StonewallAGAIN's Bisexual liaison, Br. Michael C. Oboza (ret) knows the one and only Veronika Boundless, Trans Lesbian activist. For years, she always reminded him... "I am Veronika with a K...." Oboza was honored to interview her for StonewallAGAIN.

"It would have been around 1989. I was about 10 years old," Boundless remembers, "I told my mother, a evangelical christian, that I was a girl. She didn't respond well. For years, I repressed all memory of the events that followed as well as my gender identity."

"In my early 20's, I had the Internet which made a lot of information about trans people readily available. But I was uncertain," Boundless shares, "Because most of the trans people I read about were apparently straight and femme. It was not until 2004-not long after I had become a queer rights activist and having face-to-face interactions with trans people for a first time-that I started identifying as trans."

"I didn't really figure out my sexual orientation until 2009," Boundless reflects, "I was reading the incomparable Emi Koyama's "Whose Feminism is it Anyway" ...Something clicked and I said to myself, "I am a woman. And I must be a dyke too." 

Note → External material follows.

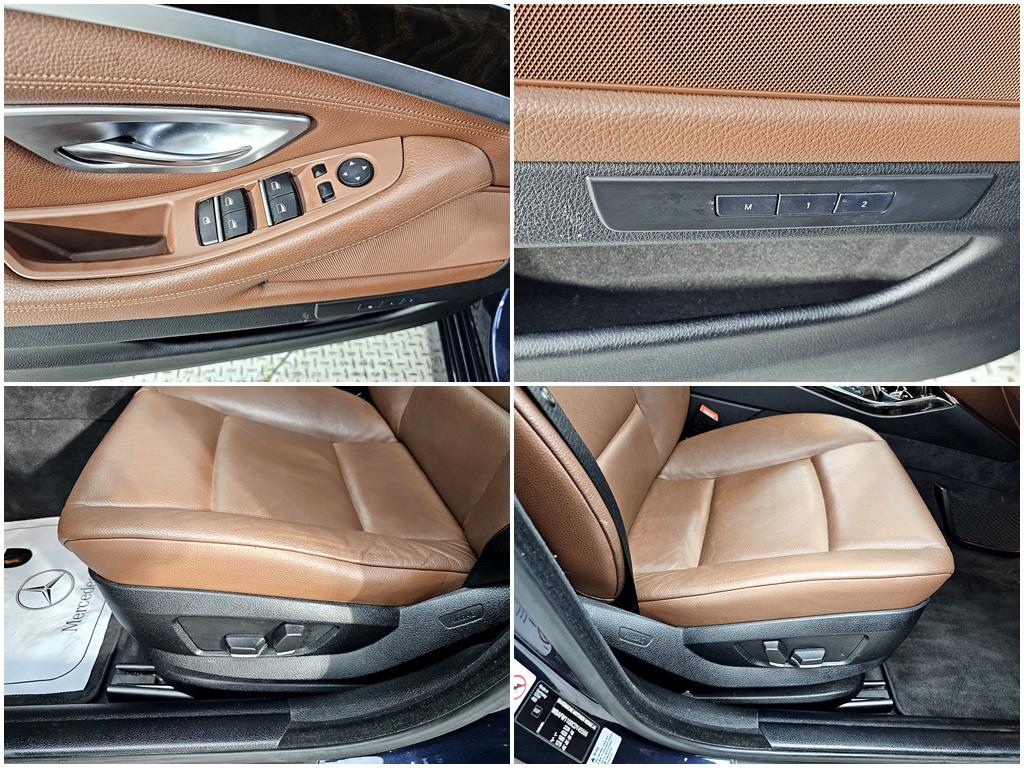 BMW 5 Series 2012 Negro - Importación desde Corea - HF Imports Iquique - Foto 15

The following is a brief summary of something Boundless experienced during her many years as a Queer rights activist that may help empower someone else to never give up or give in to anyone else's judgement of you. After all, according to Boundless, "we will be facing an uphill battle" and she "does not imagine that anything will change if we do not talk about it." 

"In 2009, I started organizing with The Chicago Dyke March Collective (CDMC) when a cis woman violated my privacy..." Regarding "as long as I do not expect equal time with cis women. As long as I do not make too much noise if a cis woman violates my boundaries. As long as I do not take up too much space."

"To this day, I cannot enter queer and trans activist spaces in Chicago without being wary," Boundless explains, "Our community is very inclusive- inclusive of people who violate trans women's boundaries. But it has a long way to go before it can offer trans women spaces where we feel safe."